Messages were published to the consistent hash exchange and split amongst queues. One queue's consumer is terminated and after the TTL expires, the queue is removed and all messages are republished to the consistent hash exchange and effectively redistributed to the remaining queues.
Request For Comments
Please let me know if this behavior would be undesirable, it fits our use case perfectly but if there's a different set of configurations we could use to get the same benefits, we'd like to know about those.
If there are problems with the code as its written, I'd be happy to make any changes necessary in order for this PR to be suitable for further consideration.

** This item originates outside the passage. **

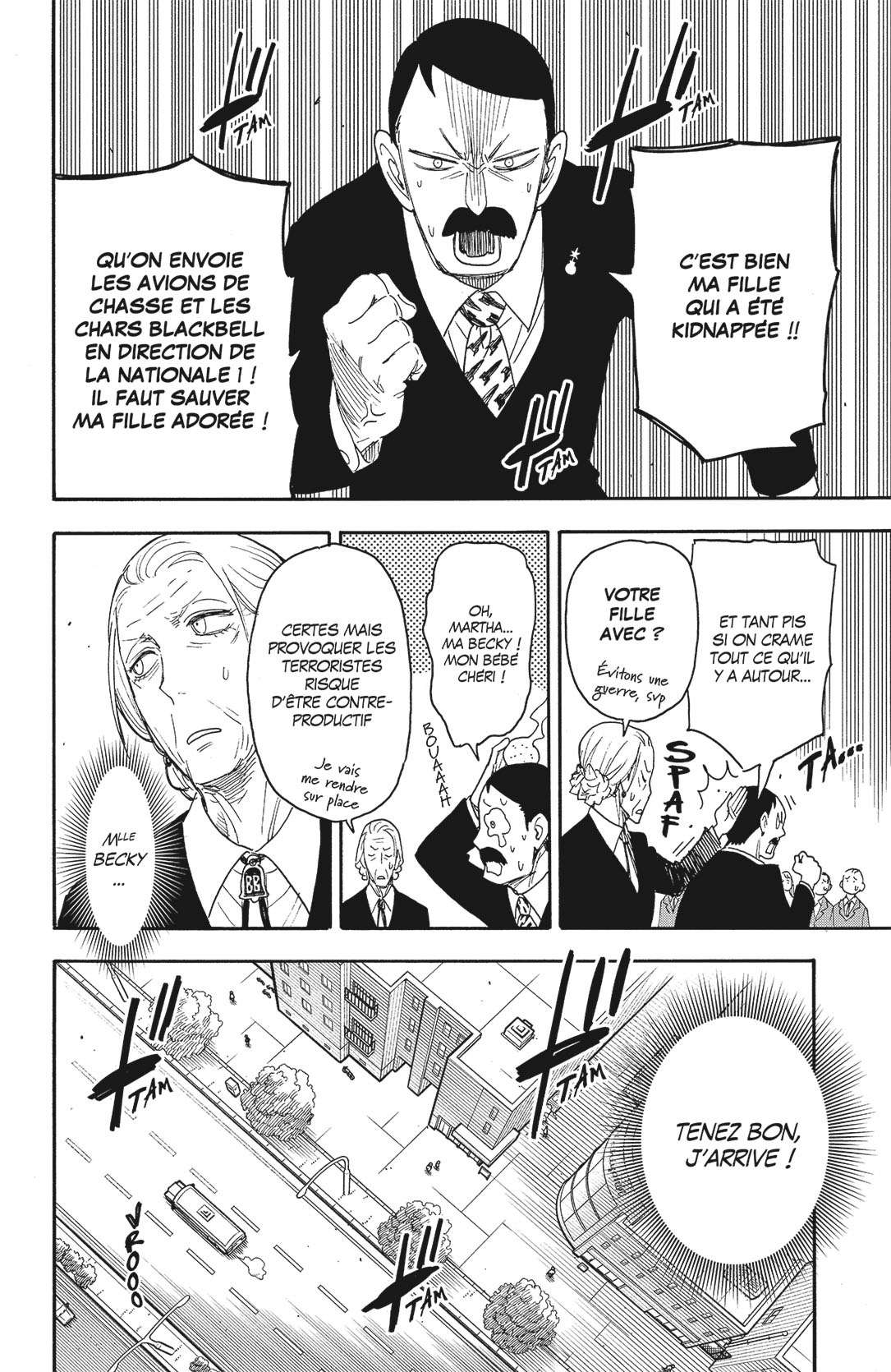 Read Spy X Family FR Manga Online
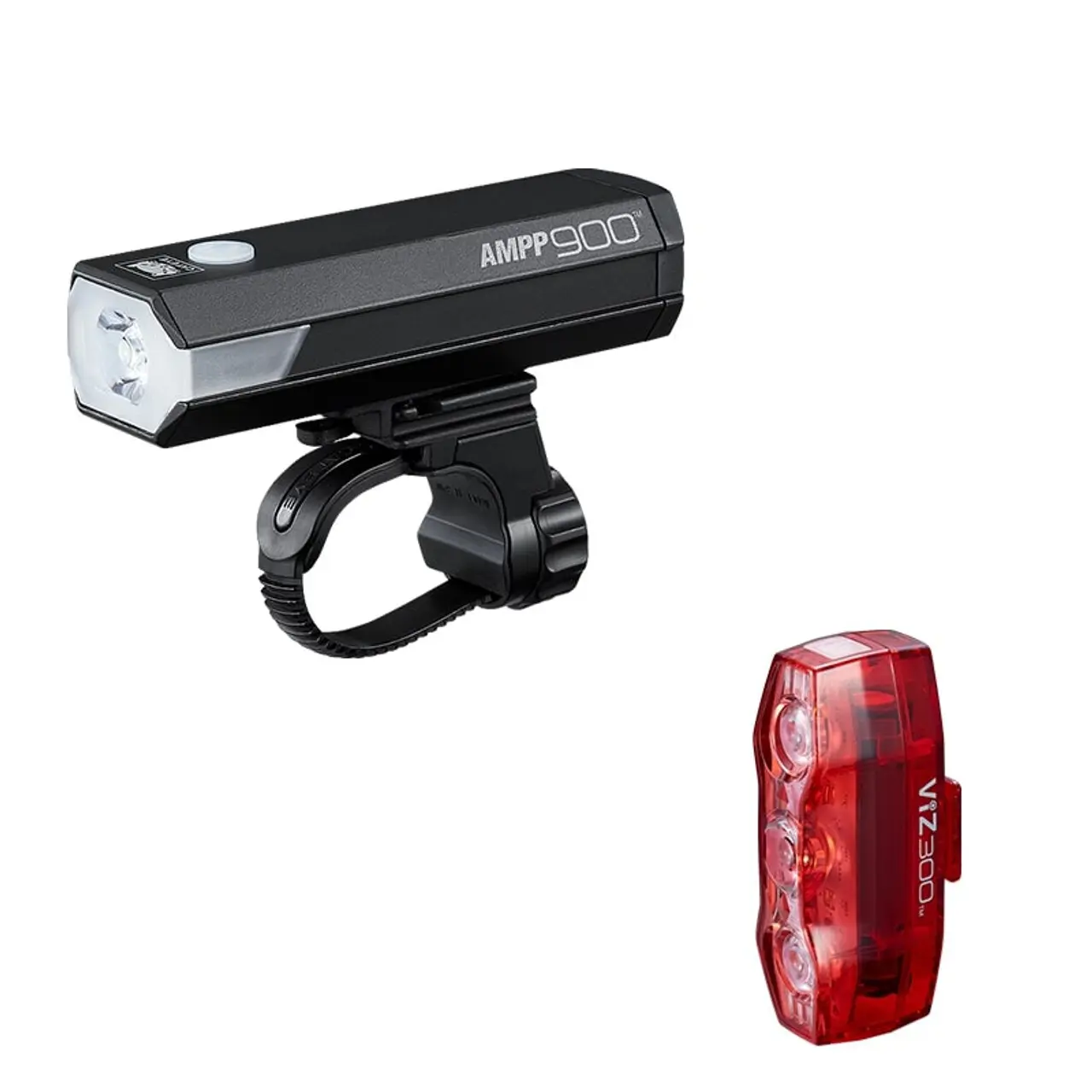 Cykelbelysning Cateye Ampp900 & Viz300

If my implementation is so problematic that it would be easier to just ignore and have a core committer add the feature properly, I totally understand. I tried it partly for the learning experience and partly out of a desire to potentially contribute to an excellent piece of software I've been using every day for a long time.
Workflow
It looks like GitHub is not the normal avenue for submitting changes but I'm far less familiar with Hg and wasn't sure how to (or if I could) create a ticket in your system for a feature in order to match the branch to the ticket number.
It says a lot about RabbitMQ's team and implementation that I could pull something like this off in a few hours of source diving. Sorry if I've made a big mess, as I mentioned, this would be a huge win for us going forward if we could get this behavior implemented.